Raising a family of three active boys brought many opportunities to turn to divine Love in prayer. What I was learning of God and man through the study of Christian Science was both preventative and curative in maintaining the boys’ well-being.
One fall when our two grade-school boys were beginning a new school year, I made a promise to myself that I would pray specifically for them every morning as they left for the bus. As I sat in my plaid chair by the picture window and watched them disappear down the driveway toward the bus stop, I would talk with God.
Not a morning went by without spending the first minutes listening for the “ ‘still, small voice’ of Truth uttering itself.”
My prayers would be something like this: Thank You so much, divine Spirit, for filling all space. Your harmonious kingdom is everywhere and always present, and these boys “live, and move, and have [their] being” (Acts 17:28) there. In this perfect creation, You make all and make it good. There is nothing that can cause harm, so Your children can never be exposed to anything but good. I recognize Your allness, dear God, and Your goodness filling this neighborhood, the school, the community, and the world. I acknowledge You as the source of all health, and thank You for expressing this health and well-being throughout Your entire creation, including these boys. I know that they are protected and safe, surrounded by all-powerful Love.
Many mornings I would sing a hymn of comfort and protection from the Christian Science Hymnal as well.
As the seasons changed, and the woods outside my window turned golden, became a sparkling snow-filled landscape, then greened with the renewal of spring, not a morning went by without my spending the first minutes in that chair, listening for the “ ‘still, small voice’ of Truth uttering itself” (Mary Baker Eddy, Science and Health with Key to the Scriptures, p. 323) and the message it had for me that day.
Gradually I came to understand that we do not pray to protect ourselves or our loved ones from something “out there,” but to gently correct the belief in our own thought that anything could possibly exist besides God’s spiritual, all-encompassing creation.

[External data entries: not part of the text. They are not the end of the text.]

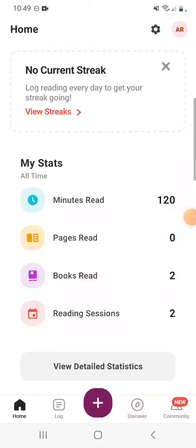Hi, this is Alyssa with the Morgan County Public Library and I have another Beanstack tutorial for you. Today we are going to talk about tracking activities in Beanstack.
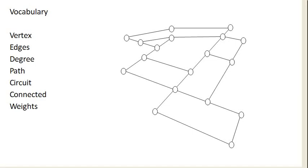Before we go any further, let's talk about some of the vocabulary involved with graph theory. First off, a vertex. A vertex is each of the dots — the locations where edges meet. So this might be where two streets meet, like an intersection.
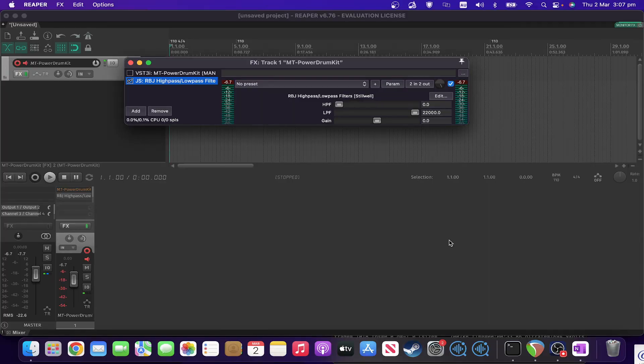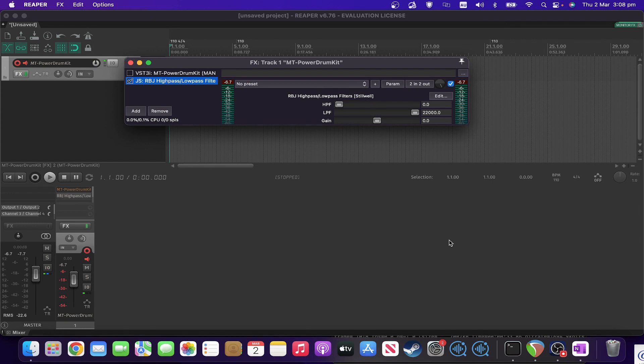Hi and welcome to the next one in my series of my month of JS plugins. Today we're looking at the RBJ high pass and low pass filter JS plugin. Another simple one but again very useful.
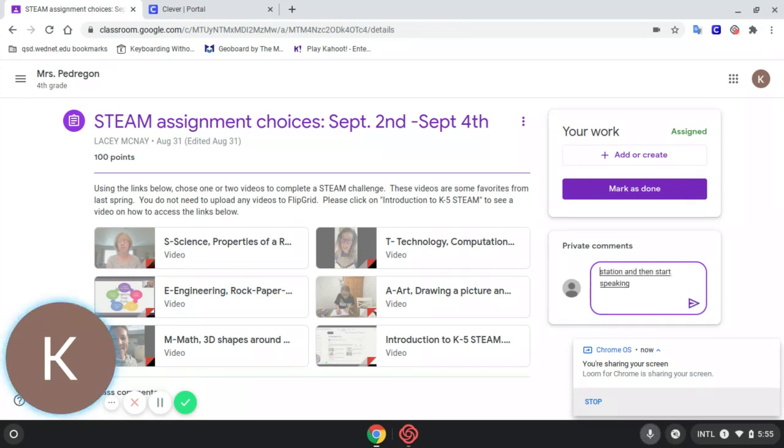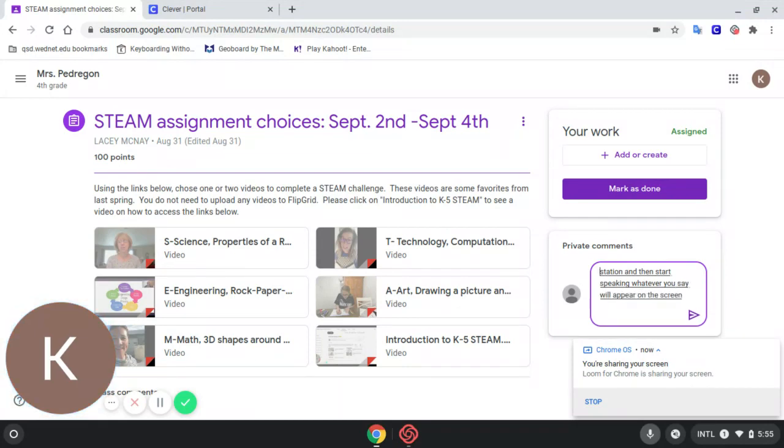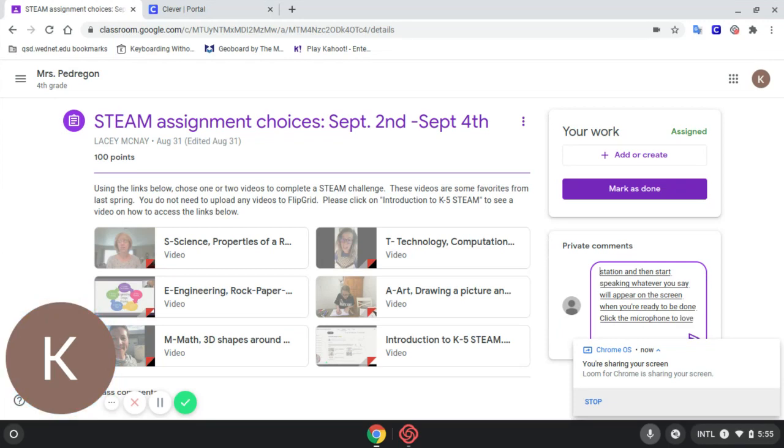Whatever you say will appear on the screen. When you're ready to be done, click the microphone tool again.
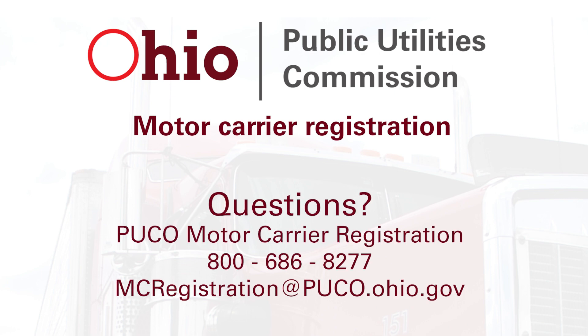If you have questions about this process, contact the Motor Carrier Registration Division at the email and phone number listed on the screen.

I was learning to understand a deeper reality than what the material senses presented, and to exercise a more spiritual sense of what is true from divine Mind’s pure perspective.
Gradually I came to understand that we do not pray to protect ourselves or our loved ones from something “out there.”
The results? Both boys received the school’s award for a year of perfect attendance. I recall volunteering in the second-grade classroom for a Valentine’s Day party, where the teacher said, “You don’t even want to breathe in here, the room is so filled with contagion.” Then she turned to me and said, “But Keith is never sick, is he?” What a sweet acknowledgment of the protecting power of prayer.
I relocated long ago from the woods of New Hampshire to the prairie of the Midwest. Now, with my children grown up, I have rededicated myself to beginning each day acknowledging the allness of God and His perfectly good kingdom, filling all space, embracing each one of us, our loved ones, our communities, and our world. In this kingdom there is nothing to harm us, to plague us, or to be magnified into fear-inducing images. As we read in Jeremiah, “Do not I fill heaven and earth? saith the Lord” (23:24).
Wherever we are in the world, we can join in this daily acknowledgment and praise of God and His all-encompassing goodness.